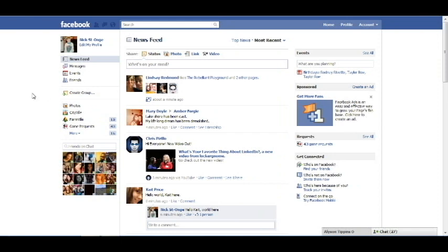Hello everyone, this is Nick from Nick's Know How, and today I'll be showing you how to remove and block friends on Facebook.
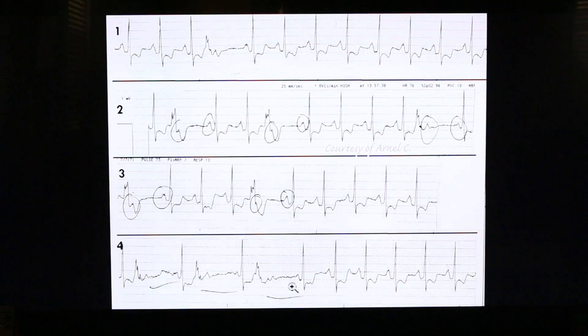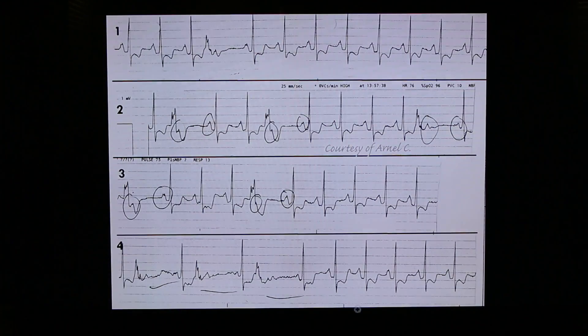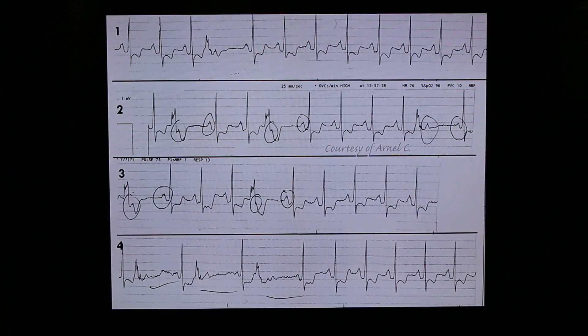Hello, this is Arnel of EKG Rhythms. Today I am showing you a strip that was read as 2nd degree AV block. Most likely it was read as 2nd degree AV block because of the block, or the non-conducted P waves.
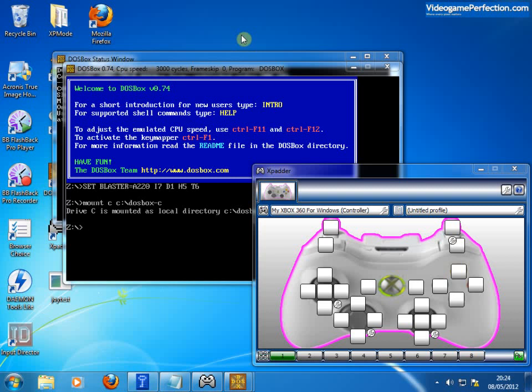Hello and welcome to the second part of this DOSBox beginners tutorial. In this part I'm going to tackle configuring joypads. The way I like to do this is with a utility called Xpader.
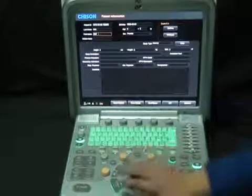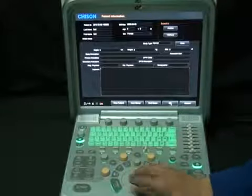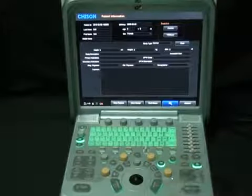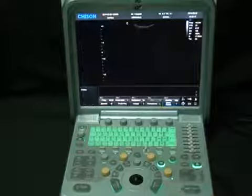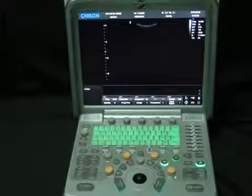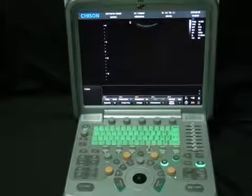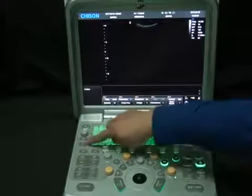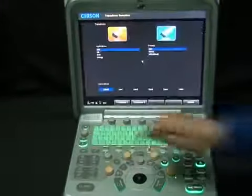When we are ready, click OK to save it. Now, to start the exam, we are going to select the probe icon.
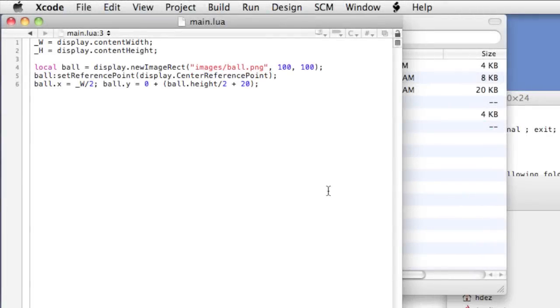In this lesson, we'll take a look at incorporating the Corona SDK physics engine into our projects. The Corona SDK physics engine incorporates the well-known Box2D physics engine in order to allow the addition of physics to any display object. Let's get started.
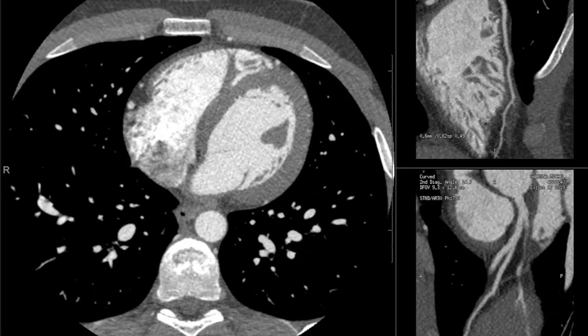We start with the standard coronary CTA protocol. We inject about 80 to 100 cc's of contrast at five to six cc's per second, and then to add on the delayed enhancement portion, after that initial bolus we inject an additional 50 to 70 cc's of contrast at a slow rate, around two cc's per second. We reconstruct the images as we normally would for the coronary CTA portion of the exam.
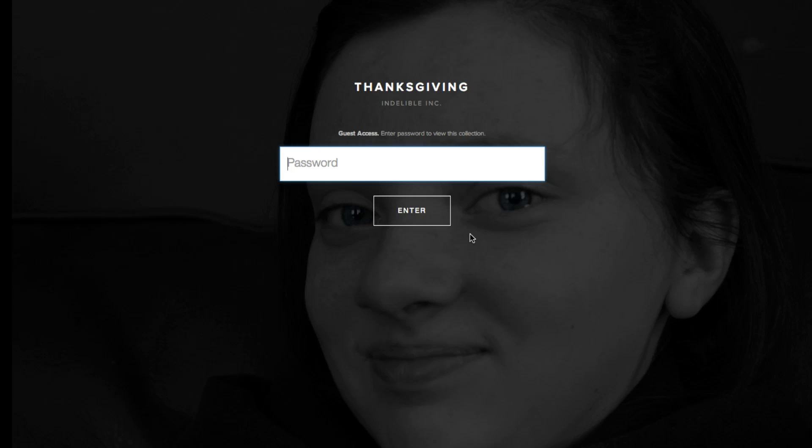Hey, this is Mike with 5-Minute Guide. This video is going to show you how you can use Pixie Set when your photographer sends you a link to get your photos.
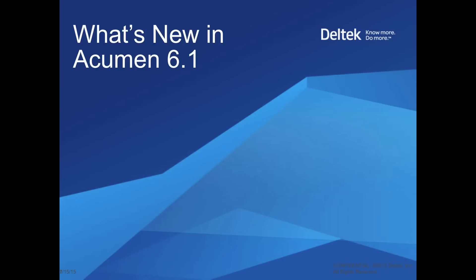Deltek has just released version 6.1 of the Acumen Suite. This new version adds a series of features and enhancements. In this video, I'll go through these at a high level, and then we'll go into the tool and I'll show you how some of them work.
-=-=-
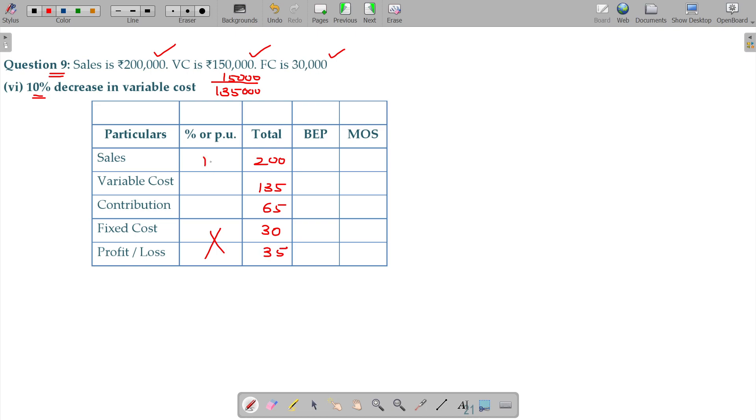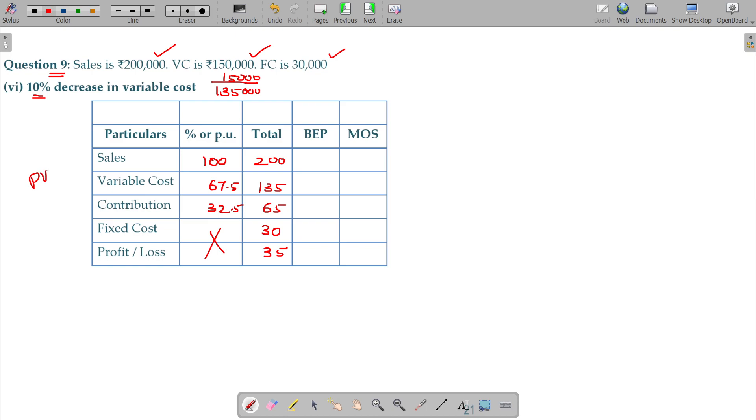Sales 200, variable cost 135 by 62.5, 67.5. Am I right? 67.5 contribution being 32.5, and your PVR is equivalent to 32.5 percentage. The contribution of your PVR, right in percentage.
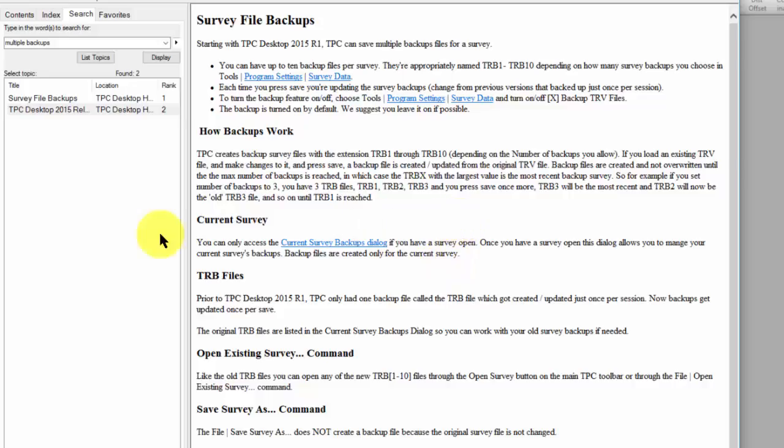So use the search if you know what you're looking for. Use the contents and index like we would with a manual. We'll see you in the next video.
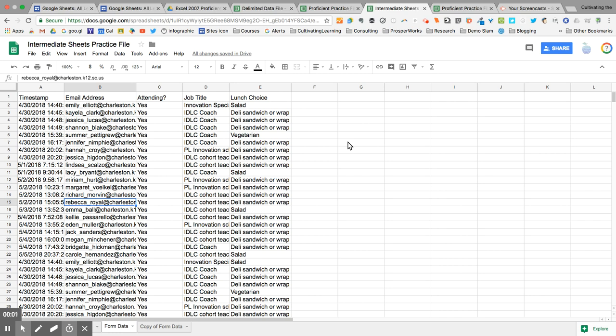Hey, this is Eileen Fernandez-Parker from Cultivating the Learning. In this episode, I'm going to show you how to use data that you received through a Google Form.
-=-=-
• **EXERCISE DESCRIPTION**
Print, exactly, each line above from the one with "Hello, this is" to the one with "Deltek has just", end lines included. Leave pictures out of it.

• **RESULT FOR THIS TASK**
Hello, this is Arnel of EKG Rhythms. Today I am showing you a strip that was read as 2nd degree AV block. Most likely it was read as 2nd degree AV block because of the block, or the non-conducted P waves.
Hello and welcome to the second part of this DOSBox beginners tutorial. In this part I'm going to tackle configuring joypads. The way I like to do this is with a utility called Xpader.
When we are ready, click OK to save it. Now, to start the exam, we are going to select the probe icon.
In this lesson, we'll take a look at incorporating the Corona SDK physics engine into our projects. The Corona SDK physics engine incorporates the well-known Box2D physics engine in order to allow the addition of physics to any display object. Let's get started.
We start with the standard coronary CTA protocol. We inject about 80 to 100 cc's of contrast at five to six cc's per second, and then to add on the delayed enhancement portion, after that initial bolus we inject an additional 50 to 70 cc's of contrast at a slow rate, around two cc's per second. We reconstruct the images as we normally would for the coronary CTA portion of the exam.
Hey, this is Mike with 5-Minute Guide. This video is going to show you how you can use Pixie Set when your photographer sends you a link to get your photos.
Deltek has just released version 6.1 of the Acumen Suite. This new version adds a series of features and enhancements. In this video, I'll go through these at a high level, and then we'll go into the tool and I'll show you how some of them work.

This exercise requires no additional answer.